Deborah durante viagem em Seattle (EUA) - Bruna Souza Cruz/UOL
Deborah durante viagem em Seattle (EUA) Imagem: Bruna Souza Cruz/UOL

Bruna Souza Cruz*

Do UOL, em São Paulo

10/08/2016 06h00

Superar a sensação de isolamento na universidade foi um dos maiores desafios de Deborah Mesquita, 25. Agora, cursando o último ano de ciências da computação na UFPE (Universidade Federal de Pernambuco), a jovem resume o período como uma batalha diária -- e não só pela exigência nos estudos, mas por ainda ser mulher dentro de um universo predominantemente composto por homens.

Decidida a encarar mais um desafio, Deborah resolveu participar de uma competição online mundial de programação da Microsoft, no começo deste ano. Em dois meses, ela desenvolveu um jogo educativo para crianças e acabou vencendo sua categoria. O prêmio foi uma viagem para participar da final da competição de estudantes Imagine Cup 2016, realizada no final de julho em Seattle (EUA). Só dois projetos no mundo tiveram esse reconhecimento.

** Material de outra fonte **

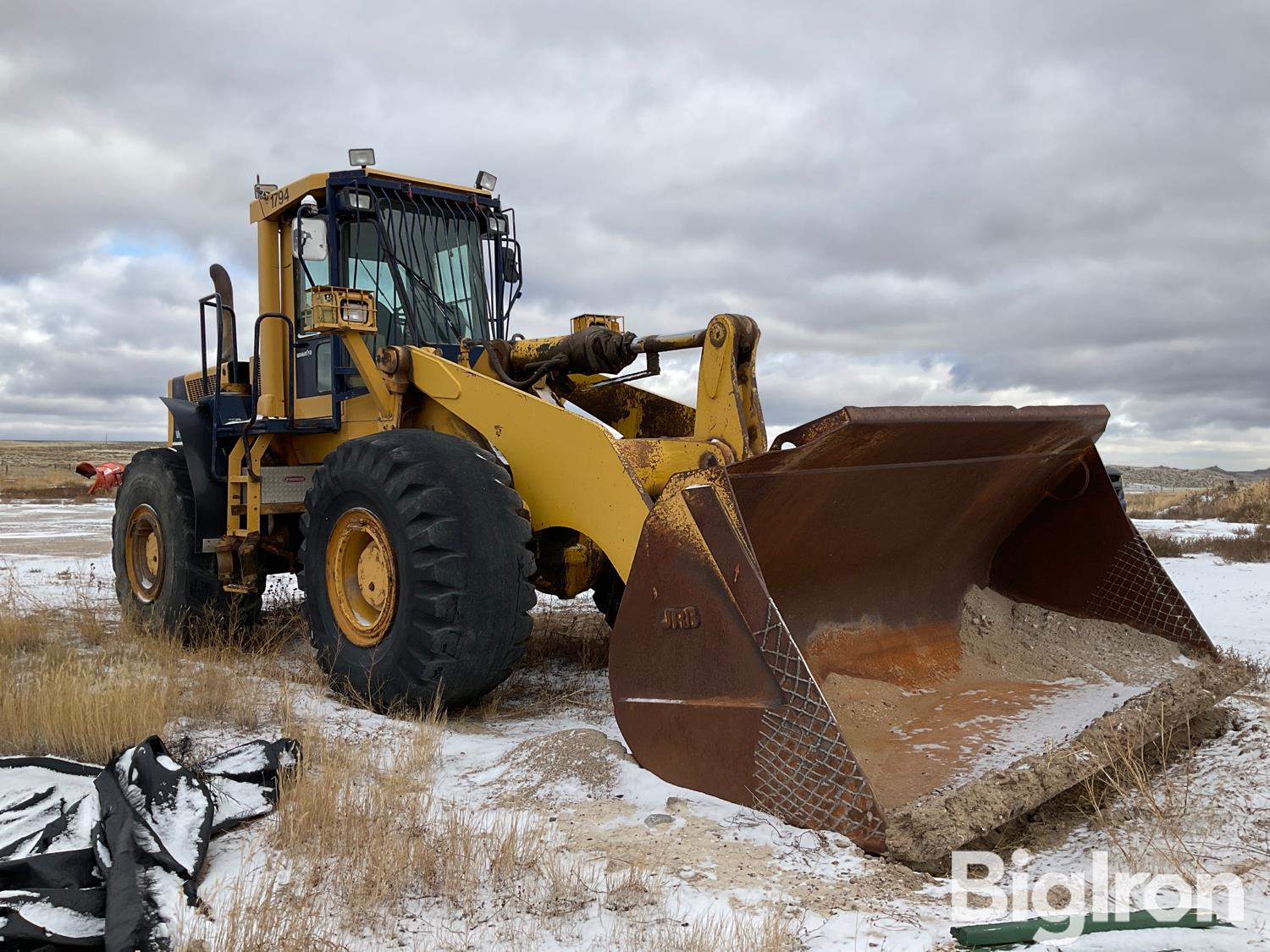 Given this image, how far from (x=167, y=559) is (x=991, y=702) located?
5433 mm

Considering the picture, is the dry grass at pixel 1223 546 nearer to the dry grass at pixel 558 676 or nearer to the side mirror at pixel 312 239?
the dry grass at pixel 558 676

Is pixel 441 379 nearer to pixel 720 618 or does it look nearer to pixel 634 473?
pixel 634 473

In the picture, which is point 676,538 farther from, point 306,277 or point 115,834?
point 306,277

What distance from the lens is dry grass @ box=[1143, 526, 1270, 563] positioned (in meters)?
12.3

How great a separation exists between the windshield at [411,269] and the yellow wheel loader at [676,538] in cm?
2

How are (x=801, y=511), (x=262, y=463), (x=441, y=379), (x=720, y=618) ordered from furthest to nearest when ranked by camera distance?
(x=262, y=463) < (x=441, y=379) < (x=801, y=511) < (x=720, y=618)

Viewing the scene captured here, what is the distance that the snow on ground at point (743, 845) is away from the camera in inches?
109

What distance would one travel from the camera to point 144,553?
789cm

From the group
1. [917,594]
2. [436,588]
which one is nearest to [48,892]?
[436,588]

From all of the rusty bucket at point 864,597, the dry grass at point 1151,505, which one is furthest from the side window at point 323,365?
the dry grass at point 1151,505

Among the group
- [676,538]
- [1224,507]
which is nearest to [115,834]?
[676,538]

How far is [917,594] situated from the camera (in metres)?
5.04

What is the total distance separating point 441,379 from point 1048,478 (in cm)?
309

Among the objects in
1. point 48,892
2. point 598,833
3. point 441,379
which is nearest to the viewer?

Apesar de não ter sofrido diretamente nenhum tipo de preconceito ou assédio na universidade, a estudante ressalta que não foi e não é nada fácil.
 
“Você fica muito sozinha porque não tem outras meninas para compartilhar certas experiências, desafios. E a gente sabe que tem muita gente que não acredita no que podemos fazer [por sermos mulheres]. Fora as piadinhas machistas nas aulas. Mas a gente tem que superar e estamos aí”, afirmou.

“Não vou dizer que aprender a programar é fácil. Você tem que ralar muito, mas é gratificante, e a gente consegue. Não é porque você é mulher que você não vai conseguir programar. Isso não existe”, acrescentou.

A universitária reforça que não se trata de defender que as mulheres são melhores que os homens. É apenas exigir o direito à igualdade [nas relações de estudo e trabalho]. “Não é para existir essa diferença. Somos tão capazes quanto qualquer pessoa.”

Única brasileira premiada

Com a publicação de seu jogo educativo, Deborah foi a única mulher brasileira a vencer o prêmio na edição deste ano.“Foi bem mais fácil [participar da competição do que ser mulher na área] porque lá não importava se eu era menina ou não. Era só o resultado do projeto e pronto. No dia a dia as pessoas já vão julgar qualquer coisa que eu apresente/crie só por ser menina. É bem mais difícil superar isso”, destacou.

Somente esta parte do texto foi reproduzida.